• **WHAT IS REQUIRED**
Copy the lines running from the one that contains "Zadar: Adventure on" to the end of the entries below, exactly and with no pictures.

___ SUPPLIED MATERIAL

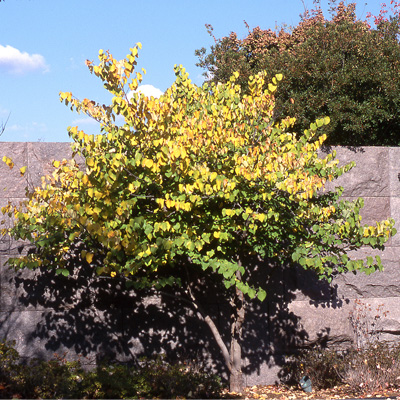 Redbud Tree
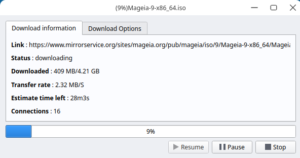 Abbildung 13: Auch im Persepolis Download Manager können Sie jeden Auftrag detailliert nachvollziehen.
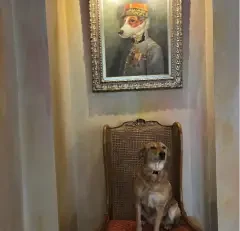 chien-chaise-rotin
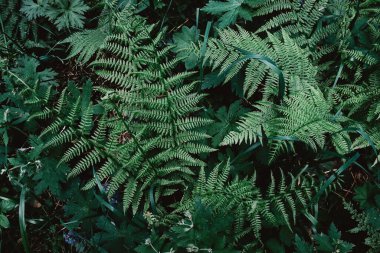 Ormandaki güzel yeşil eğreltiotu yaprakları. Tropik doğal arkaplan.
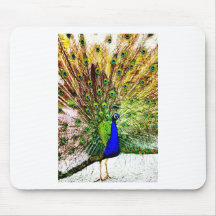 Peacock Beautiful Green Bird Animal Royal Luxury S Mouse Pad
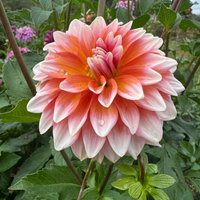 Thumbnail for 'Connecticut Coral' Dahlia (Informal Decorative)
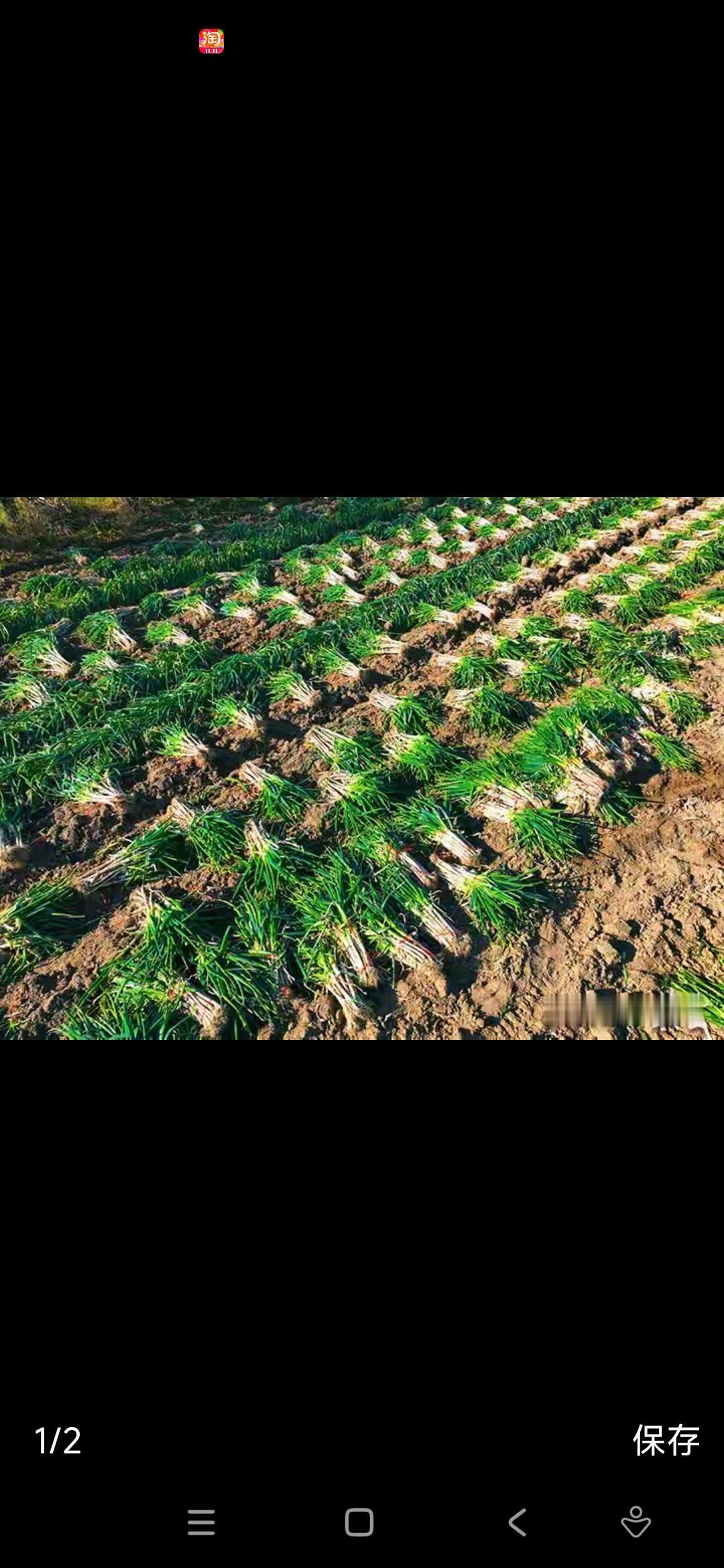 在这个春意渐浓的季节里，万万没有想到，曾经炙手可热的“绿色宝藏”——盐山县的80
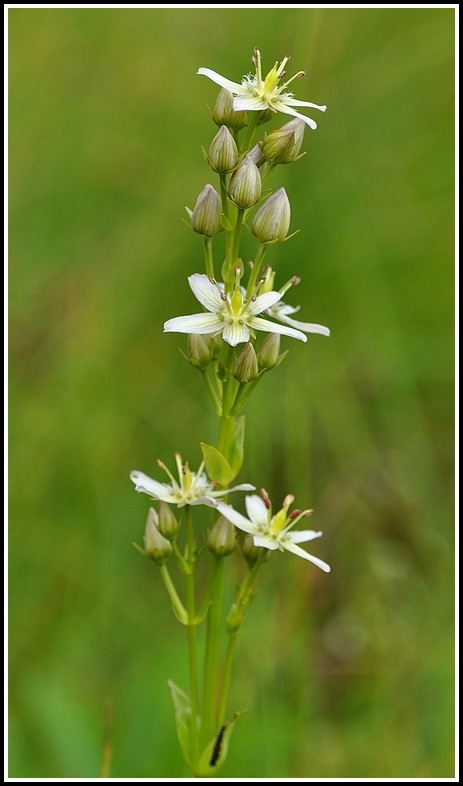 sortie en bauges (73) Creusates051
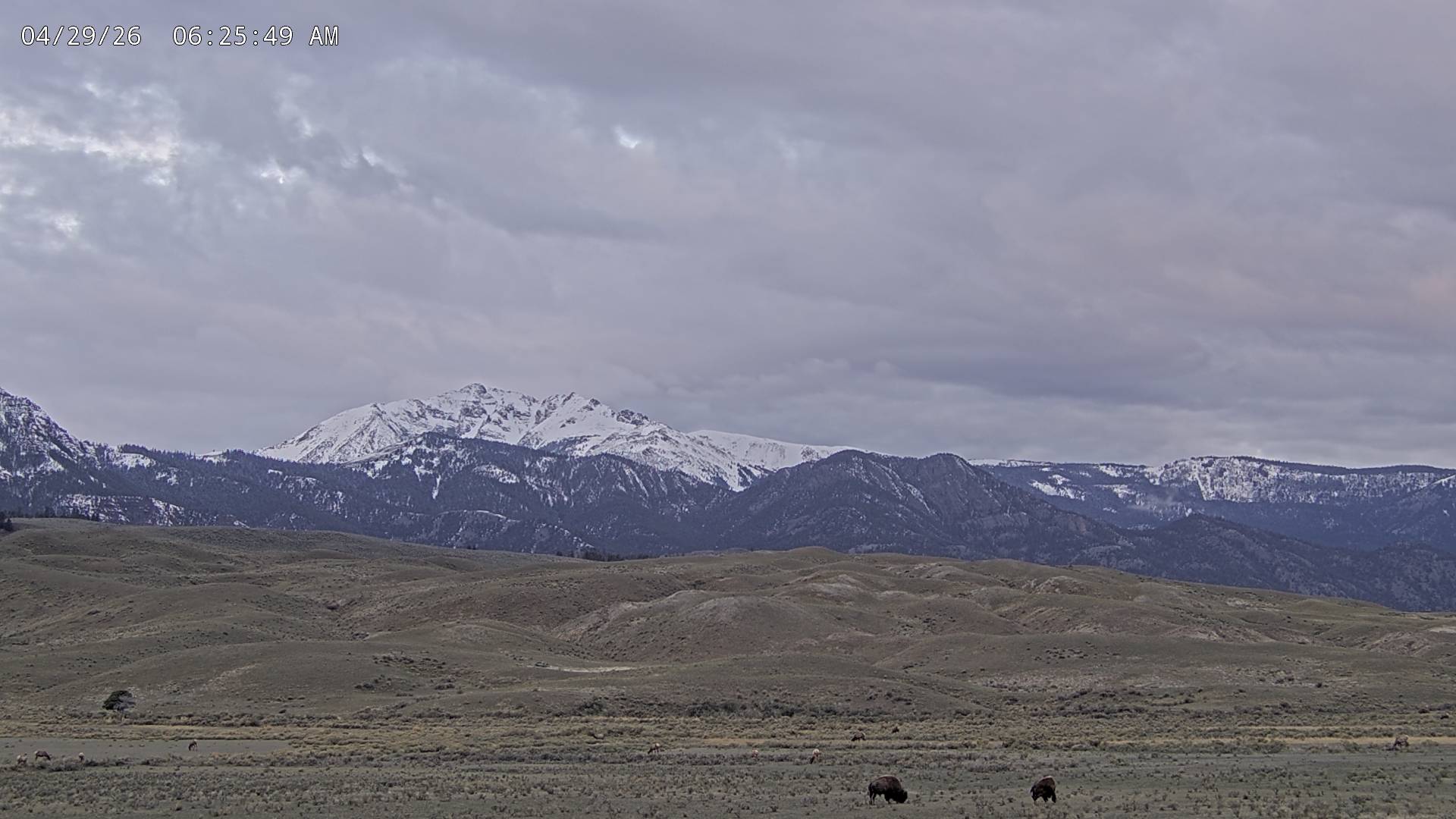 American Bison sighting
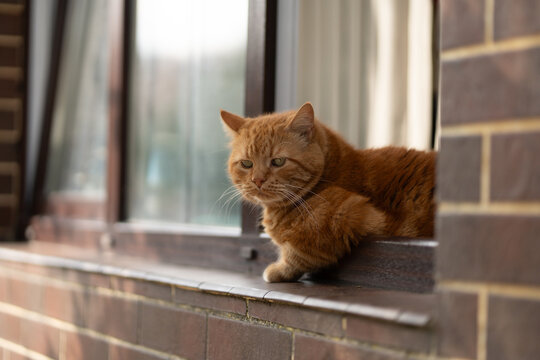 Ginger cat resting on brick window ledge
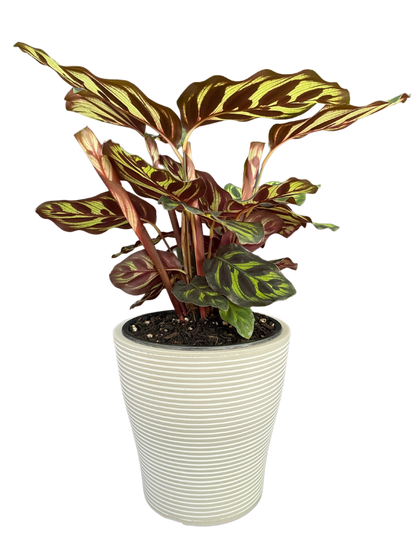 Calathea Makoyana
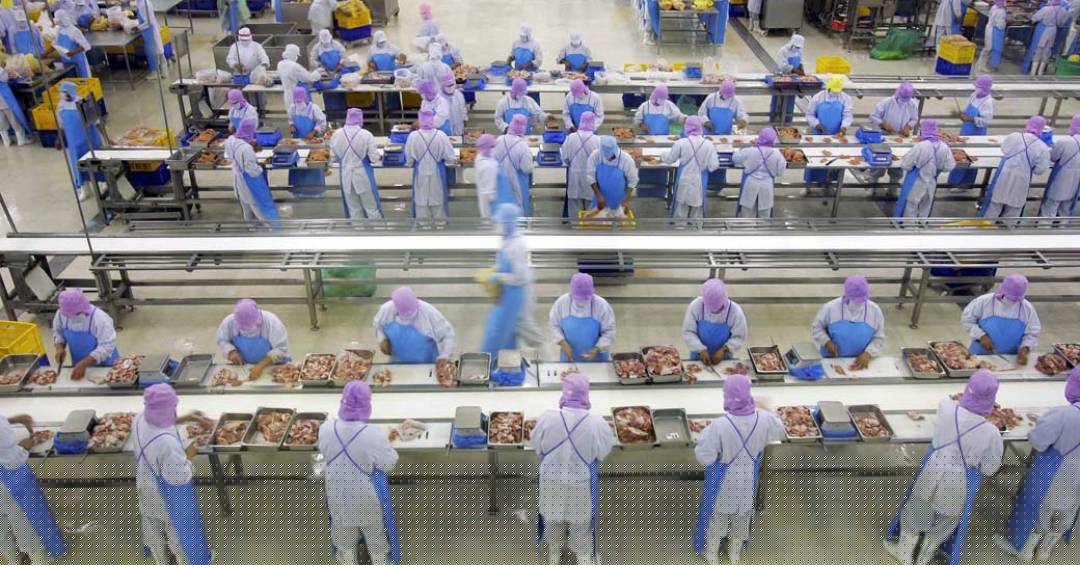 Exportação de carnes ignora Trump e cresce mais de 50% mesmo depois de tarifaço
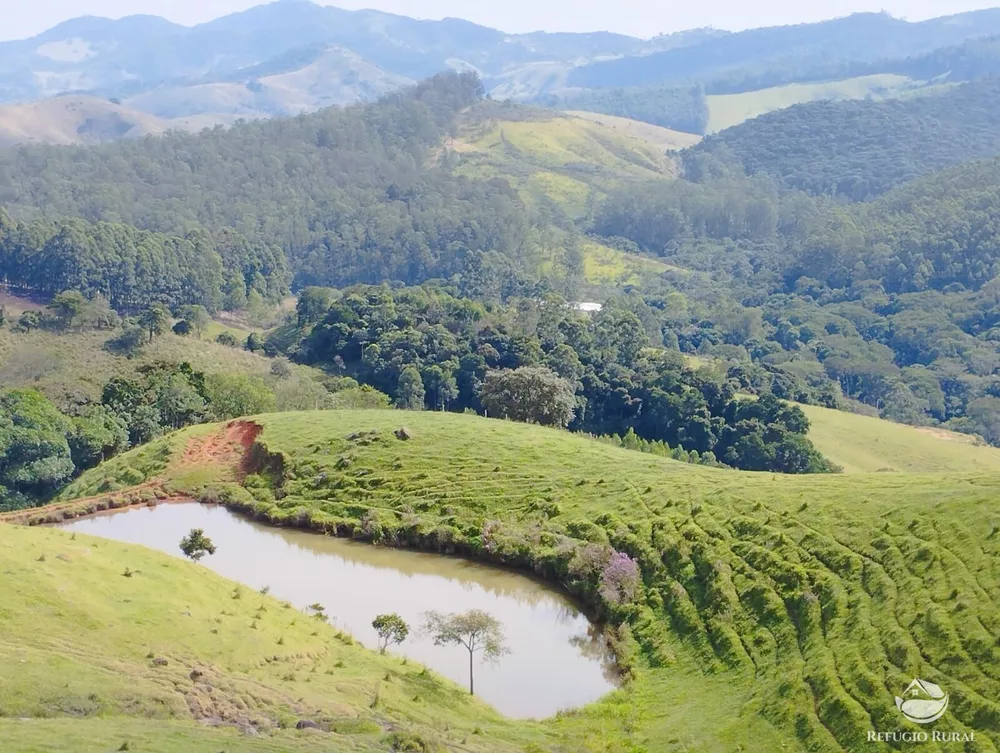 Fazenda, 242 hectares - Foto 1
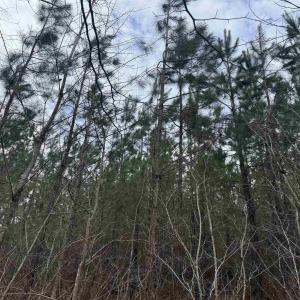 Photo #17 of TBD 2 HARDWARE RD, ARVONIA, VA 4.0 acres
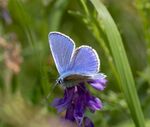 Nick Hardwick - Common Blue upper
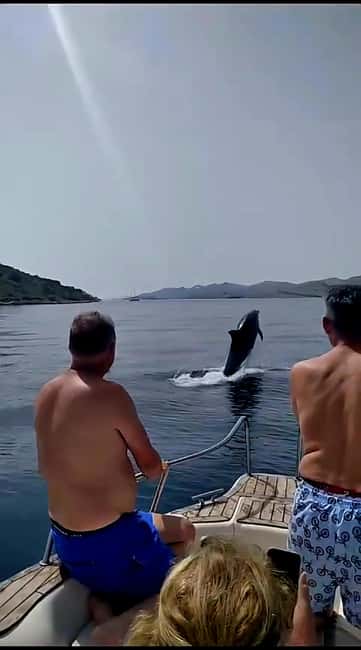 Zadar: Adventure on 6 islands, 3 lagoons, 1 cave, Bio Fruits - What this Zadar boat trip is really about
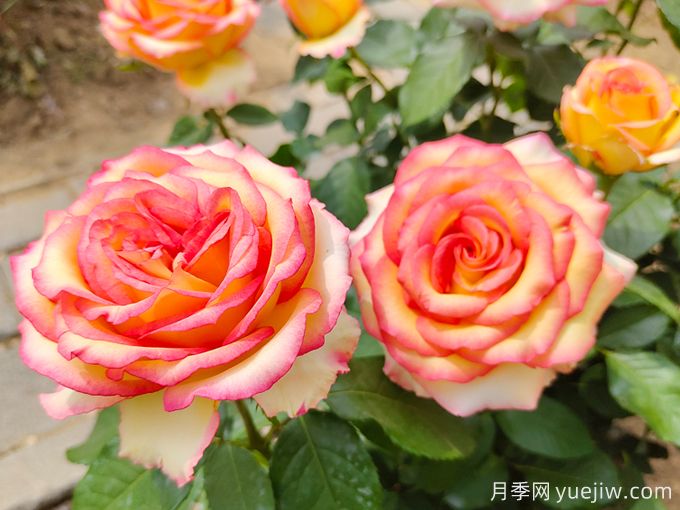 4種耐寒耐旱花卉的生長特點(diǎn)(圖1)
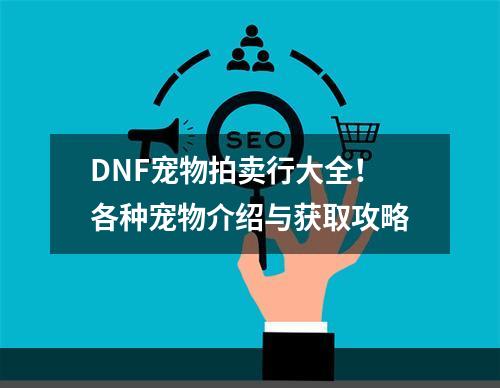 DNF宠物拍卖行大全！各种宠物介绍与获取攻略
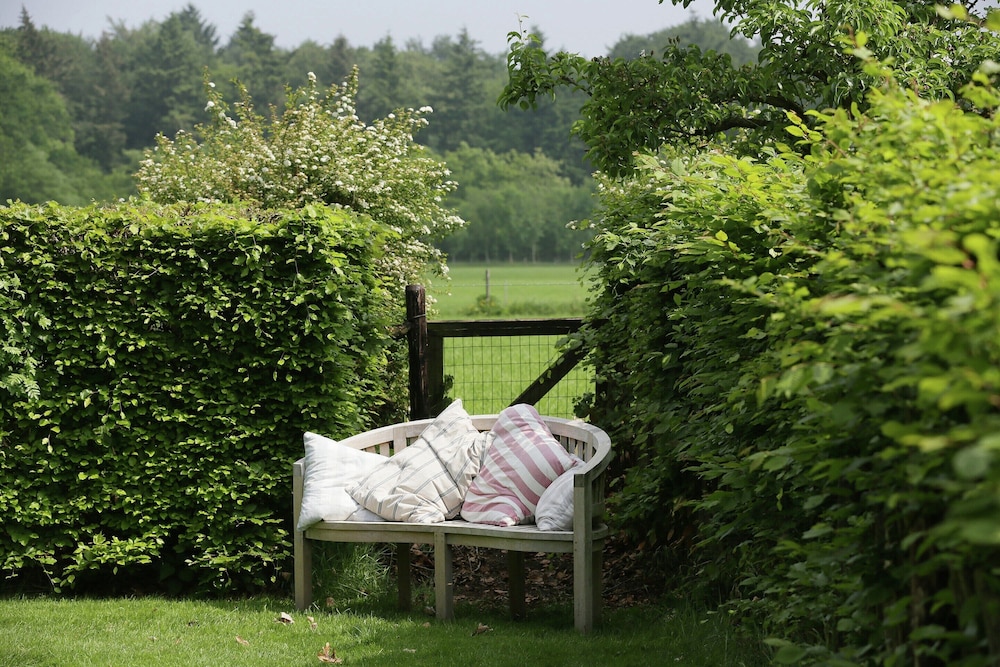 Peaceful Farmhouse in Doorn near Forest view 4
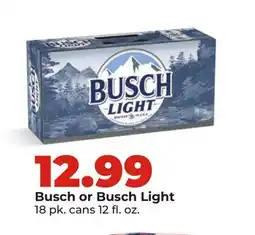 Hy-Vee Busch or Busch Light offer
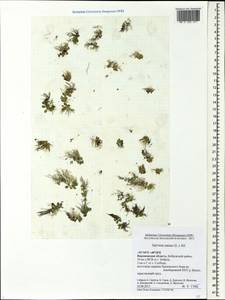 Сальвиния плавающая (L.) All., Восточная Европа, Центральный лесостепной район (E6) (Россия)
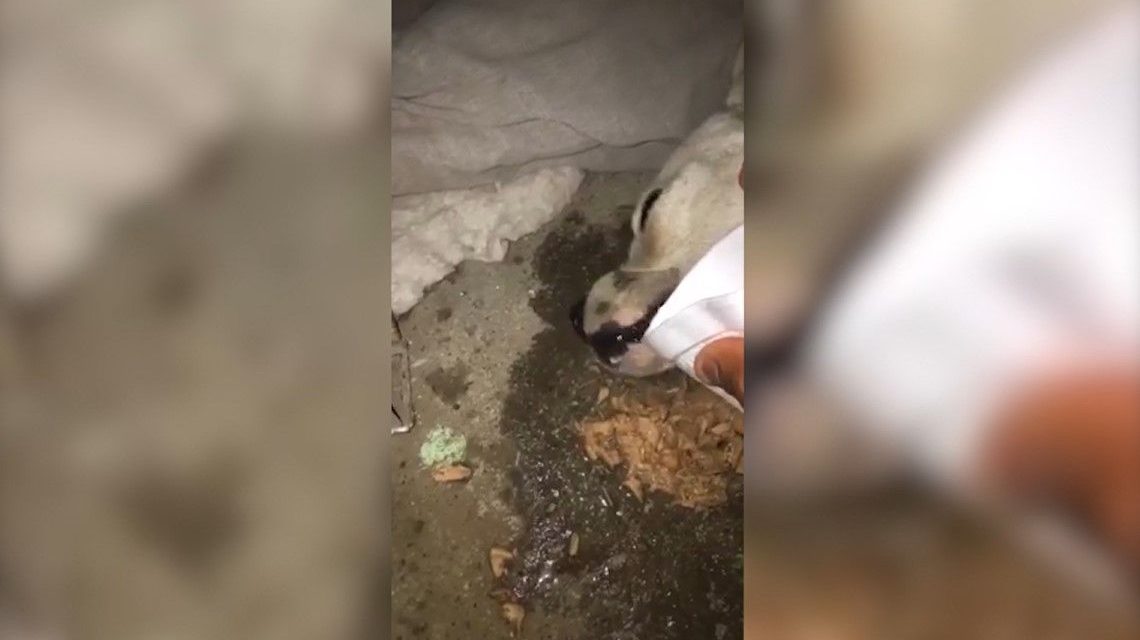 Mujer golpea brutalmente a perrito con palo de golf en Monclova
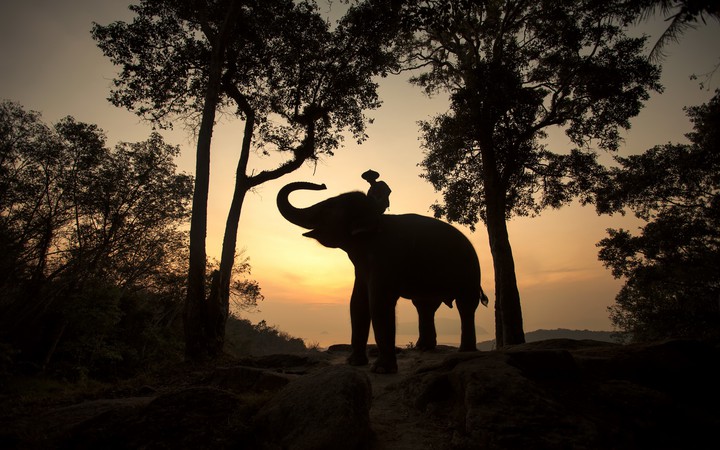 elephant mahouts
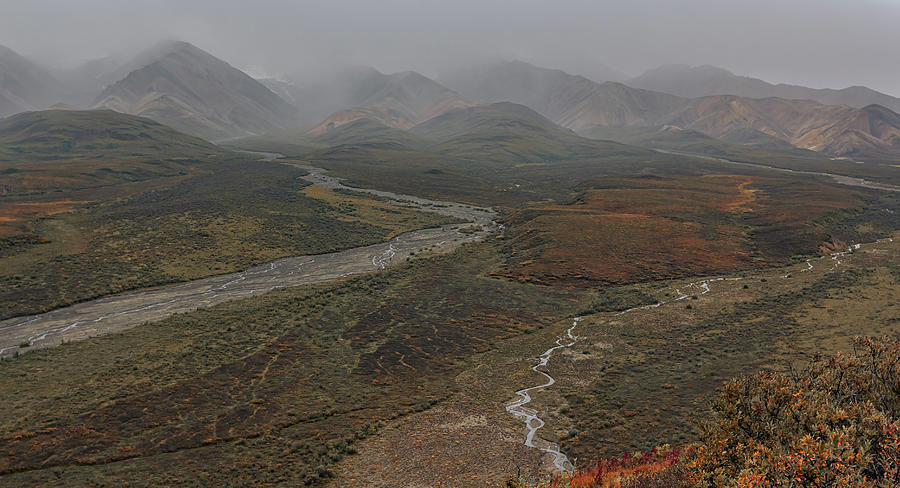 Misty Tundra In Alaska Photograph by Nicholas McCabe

______

• **SOLVED PROBLEM**
 Zadar: Adventure on 6 islands, 3 lagoons, 1 cave, Bio Fruits - What this Zadar boat trip is really about
 4種耐寒耐旱花卉的生長特點(diǎn)(圖1)
 DNF宠物拍卖行大全！各种宠物介绍与获取攻略
 Peaceful Farmhouse in Doorn near Forest view 4
 Hy-Vee Busch or Busch Light offer
 Сальвиния плавающая (L.) All., Восточная Европа, Центральный лесостепной район (E6) (Россия)
 Mujer golpea brutalmente a perrito con palo de golf en Monclova
 elephant mahouts
 Misty Tundra In Alaska Photograph by Nicholas McCabe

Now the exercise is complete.